We expect drinking water . . . why not breathing air?
Originally published in The Sudbury Star on Dec. 11, 2021 as "When Faced With Polluted Air, Our Choices are Limited"
Everyone knows what’s meant by the term drinking water. Here in Northern Ontario, there are lakes everywhere, but for various reasons, whether microbial or chemical, most of the water isn’t safe to drink without treatment. Drinking water has to meet stringent public health standards, to ensure it won’t make us sick.
In lower income countries, reliable supplies of drinking water are not universally available. Water-borne diseases like cholera, typhoid fever, Hepatitis A, Giardia, and dysentery/diarrhea are all too common. Travellers can get sick even from water that’s safe for the locals. When I visit West Africa, I guzzle many a 750 ml bottle of “pamplemouse”, a locally-made grapefruit-flavoured pop. I assume it’s made with drinking water, and so far I’ve managed to stay well.
In higher income countries, people expect the water coming out of their taps to be drinking water. And for the most part it is, although some indigenous communities in northern Canada are still waiting for the permanent end of boil water advisories. During the November 2021 flooding disasters in British Columbia, the entire town of Merritt had to be evacuated due to failure of their sewage and water treatment facilities. The town was unable to provide citizens with safe drinking water. Four weeks later, many people are still unable to return home, and a boil water advisory remains in place for the foreseeable future. Under such circumstances, it’s possible to truck in limited supplies of drinking water as a temporary measure, assuming the roads aren’t blocked by mudslides or washed out by flooding rivers. Water is transportable.
Not so with air. The air we must breath is the air in the immediate vicinity of our mouths and noses at any given moment. If we are lucky, that air might be breathing air, clean enough most of the time. But many people are forced to breath chronically filthy air, within their homes on account of antiquated cooking technologies and dirty fuels, and/or outside thanks to industrial emissions, fossil fuel burning, and wildfires. Sometimes the sources are far away, the other side of an ocean or continent. When we are faced with polluted air, our choices are limited. It’s not like we can hold our breath and wait a few days for the air to clear. And it’s not like clean air can be gathered up from the mountain ranges and trucked into towns and cities that lack it. Affluent people may choose to stay indoors with their AC cranked up or climb into their air-conditioned cars and travel to less-polluted locales. But most people have no options, and precious little recourse. They just have to keep breathing.

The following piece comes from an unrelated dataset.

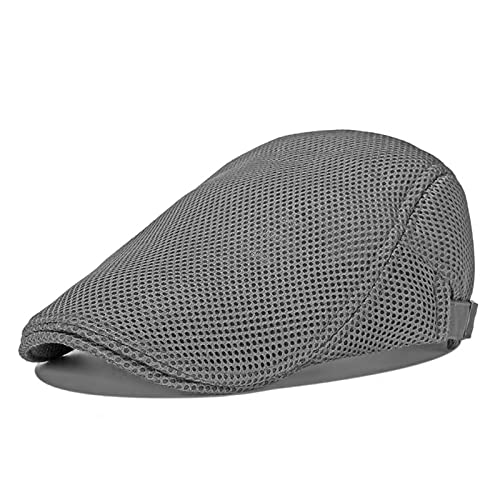 Flatcap Herren Sommer, Schiebermütze Flatcap Sommer Mesh Flache Kappe Newsboy Schirmmütze, Schirmmütze Herren Sommer Hut Kappe Flatcap Schiebermütze Einstellbar 55 cm - 60 cm (Dunkelgrau) von HNJKJEU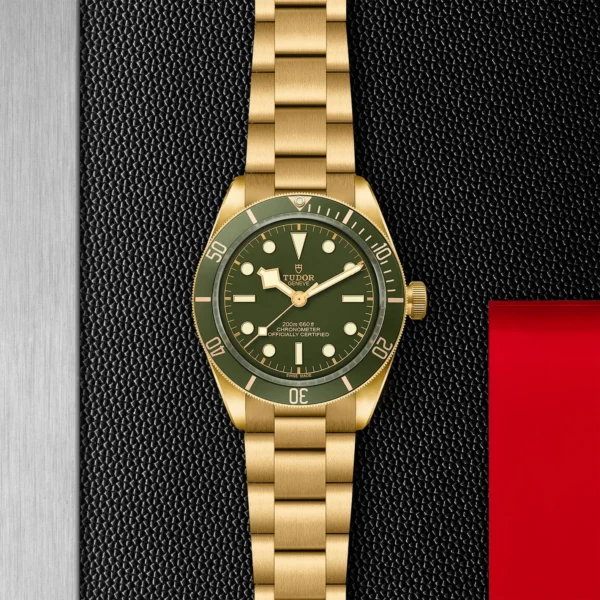 TUDOR Black Bay 58 18K 39mm 18ct Yellow Gold Green Dial Bracelet Watch M79018V-0006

The research coming in on air pollution is scary. It’s killing and sickening way more of us than was previously thought, even at very low levels. It’s increasing rates of prematurity and low birth weight; impacting the growth and development of babies before they’re even born; causing or aggravating pneumonias, asthma, and chronic lung disease; and raising our risk of heart attacks, strokes, and dementia.
But what gives? We all know about drinking water. Why doesn’t English have a term like breathing air? There were lawsuits over the lead contamination in Flint Michigan’s drinking water. Where are the lawsuits arising from the sickness and death inflicted on us by air pollution? How much suffering and death could be prevented, and how many health care dollars saved, by ensuring that everyone on the planet has access to breathing air?
And finally, how much headway could be made on reducing our greenhouse gas emissions by setting and achieving the goal of breathing air for everyone on the planet?